Mrs. Obama shows us her stuff.


----------



## NancyNGA (May 21, 2015)

Go Michelle! 

Surprised her routine includes that bench jump thing.  Seems unnecessarily hard on the knees.


----------



## Glinda (May 21, 2015)

WOW!  She's doing stuff I couldn't even do in my 20s!


----------



## Ameriscot (May 22, 2015)

Go Michelle!


----------



## AprilT (May 22, 2015)

I'm worn out, thanks Michelle.  Very nice.


----------



## Jackie22 (May 22, 2015)

I saw this earlier......too strenuous for this ole broad, I probably could not do it in my twenties either, Glinda.


----------



## SeaBreeze (May 22, 2015)

NancyNGA said:


> Surprised her routine includes that bench jump thing.  Seems unnecessarily hard on the knees.

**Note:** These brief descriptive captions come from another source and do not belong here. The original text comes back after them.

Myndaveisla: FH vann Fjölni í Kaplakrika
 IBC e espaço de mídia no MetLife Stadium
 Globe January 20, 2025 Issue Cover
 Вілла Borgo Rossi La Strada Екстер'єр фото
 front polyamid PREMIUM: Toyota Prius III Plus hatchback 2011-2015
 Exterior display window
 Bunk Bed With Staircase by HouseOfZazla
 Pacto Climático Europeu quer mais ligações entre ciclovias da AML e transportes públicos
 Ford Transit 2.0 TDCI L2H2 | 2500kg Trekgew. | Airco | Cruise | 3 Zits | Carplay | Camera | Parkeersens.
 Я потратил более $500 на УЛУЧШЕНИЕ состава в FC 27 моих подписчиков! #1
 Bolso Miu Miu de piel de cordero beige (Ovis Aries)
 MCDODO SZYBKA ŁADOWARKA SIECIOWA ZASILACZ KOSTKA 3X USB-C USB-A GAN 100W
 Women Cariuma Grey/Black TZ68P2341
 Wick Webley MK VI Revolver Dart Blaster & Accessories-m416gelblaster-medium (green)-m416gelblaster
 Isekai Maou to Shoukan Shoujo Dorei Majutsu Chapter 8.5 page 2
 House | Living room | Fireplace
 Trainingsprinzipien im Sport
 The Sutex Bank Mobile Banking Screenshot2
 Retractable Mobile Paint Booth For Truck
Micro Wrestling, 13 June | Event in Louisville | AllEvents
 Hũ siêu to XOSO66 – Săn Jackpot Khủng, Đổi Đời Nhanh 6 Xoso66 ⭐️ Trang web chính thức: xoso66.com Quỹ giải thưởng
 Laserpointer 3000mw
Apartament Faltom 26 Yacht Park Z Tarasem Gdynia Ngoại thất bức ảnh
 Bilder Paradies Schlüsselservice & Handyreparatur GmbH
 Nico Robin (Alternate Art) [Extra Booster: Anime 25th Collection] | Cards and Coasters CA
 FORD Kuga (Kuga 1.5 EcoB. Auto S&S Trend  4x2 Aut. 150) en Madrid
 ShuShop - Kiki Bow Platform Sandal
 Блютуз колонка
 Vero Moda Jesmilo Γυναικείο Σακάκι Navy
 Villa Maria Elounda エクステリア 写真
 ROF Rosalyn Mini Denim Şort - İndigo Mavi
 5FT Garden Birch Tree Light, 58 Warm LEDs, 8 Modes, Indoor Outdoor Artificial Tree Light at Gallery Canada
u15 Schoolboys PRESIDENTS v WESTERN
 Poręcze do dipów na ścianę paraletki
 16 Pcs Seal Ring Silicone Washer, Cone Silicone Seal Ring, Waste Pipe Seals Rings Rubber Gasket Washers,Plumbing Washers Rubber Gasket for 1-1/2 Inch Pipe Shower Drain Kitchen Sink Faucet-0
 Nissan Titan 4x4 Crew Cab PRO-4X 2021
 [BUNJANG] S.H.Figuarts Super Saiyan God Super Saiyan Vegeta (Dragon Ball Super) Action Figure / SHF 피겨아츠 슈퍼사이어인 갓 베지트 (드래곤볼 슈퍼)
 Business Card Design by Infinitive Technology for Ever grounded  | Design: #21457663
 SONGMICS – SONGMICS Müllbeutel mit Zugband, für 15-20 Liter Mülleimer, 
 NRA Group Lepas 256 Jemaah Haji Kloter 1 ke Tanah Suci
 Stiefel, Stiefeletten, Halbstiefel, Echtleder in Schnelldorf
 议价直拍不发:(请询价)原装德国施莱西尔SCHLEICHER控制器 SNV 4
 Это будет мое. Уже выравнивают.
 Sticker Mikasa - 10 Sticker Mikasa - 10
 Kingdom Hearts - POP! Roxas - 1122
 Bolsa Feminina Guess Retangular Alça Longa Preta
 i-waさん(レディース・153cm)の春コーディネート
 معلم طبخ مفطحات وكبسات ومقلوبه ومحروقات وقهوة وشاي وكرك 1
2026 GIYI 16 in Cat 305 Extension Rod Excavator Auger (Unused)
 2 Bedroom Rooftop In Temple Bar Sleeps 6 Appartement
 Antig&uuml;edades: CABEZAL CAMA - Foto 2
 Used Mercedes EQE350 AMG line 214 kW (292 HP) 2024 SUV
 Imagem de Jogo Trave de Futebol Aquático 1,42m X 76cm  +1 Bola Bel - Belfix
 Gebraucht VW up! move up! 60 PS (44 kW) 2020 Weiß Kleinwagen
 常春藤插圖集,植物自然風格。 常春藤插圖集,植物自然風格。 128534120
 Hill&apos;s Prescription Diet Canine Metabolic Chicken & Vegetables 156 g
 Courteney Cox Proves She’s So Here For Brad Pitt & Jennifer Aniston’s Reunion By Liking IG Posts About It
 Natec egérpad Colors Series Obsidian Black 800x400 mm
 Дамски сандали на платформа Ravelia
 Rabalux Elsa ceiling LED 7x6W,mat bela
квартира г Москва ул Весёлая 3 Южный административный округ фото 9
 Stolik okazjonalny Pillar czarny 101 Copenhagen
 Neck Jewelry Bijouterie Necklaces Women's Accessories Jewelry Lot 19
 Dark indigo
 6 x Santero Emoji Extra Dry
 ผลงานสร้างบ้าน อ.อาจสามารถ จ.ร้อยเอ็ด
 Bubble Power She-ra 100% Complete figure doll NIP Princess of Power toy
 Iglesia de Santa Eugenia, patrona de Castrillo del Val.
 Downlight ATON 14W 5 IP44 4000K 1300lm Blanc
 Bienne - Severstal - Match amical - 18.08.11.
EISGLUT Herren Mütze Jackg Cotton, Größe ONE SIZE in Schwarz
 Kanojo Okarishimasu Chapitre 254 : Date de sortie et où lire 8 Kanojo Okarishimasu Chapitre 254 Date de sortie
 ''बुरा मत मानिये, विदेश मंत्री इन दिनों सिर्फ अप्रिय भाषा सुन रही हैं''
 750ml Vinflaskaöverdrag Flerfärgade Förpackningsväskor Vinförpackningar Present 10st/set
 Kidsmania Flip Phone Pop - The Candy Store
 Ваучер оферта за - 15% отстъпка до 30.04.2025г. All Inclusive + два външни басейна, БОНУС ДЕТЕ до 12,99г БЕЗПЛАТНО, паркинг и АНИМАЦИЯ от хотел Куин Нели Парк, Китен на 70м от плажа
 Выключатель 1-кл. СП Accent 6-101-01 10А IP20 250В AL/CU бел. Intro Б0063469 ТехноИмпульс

She seems very fit and her legs and glutes look strong.  I did a similar jump on a much lower level, on my step for step aerobics with one lifter, so it wasn't nearly as high as her bench.  My legs weren't as strong, but in doing those you felt muscles in your legs and glutes that you didn't even know you had.   I've seen people doing that similar jump at the gym, I think if your muscles around the knee are strong enough, it doesn't negatively affect the joint.


----------



## Ameriscot (May 22, 2015)

I work on keeping the muscles around my knees strong and I don't have any knee issues.  I don't do a jump like she does though, but I do a sideways lunge using a step and dumbbells.  I love to jump rope but haven't been able to for months because of my plantar fasciitis.  Never tried boxing.  Looks kind of fun!


----------



## Asian Butterfly (Jun 13, 2015)

Go Michelle!


----------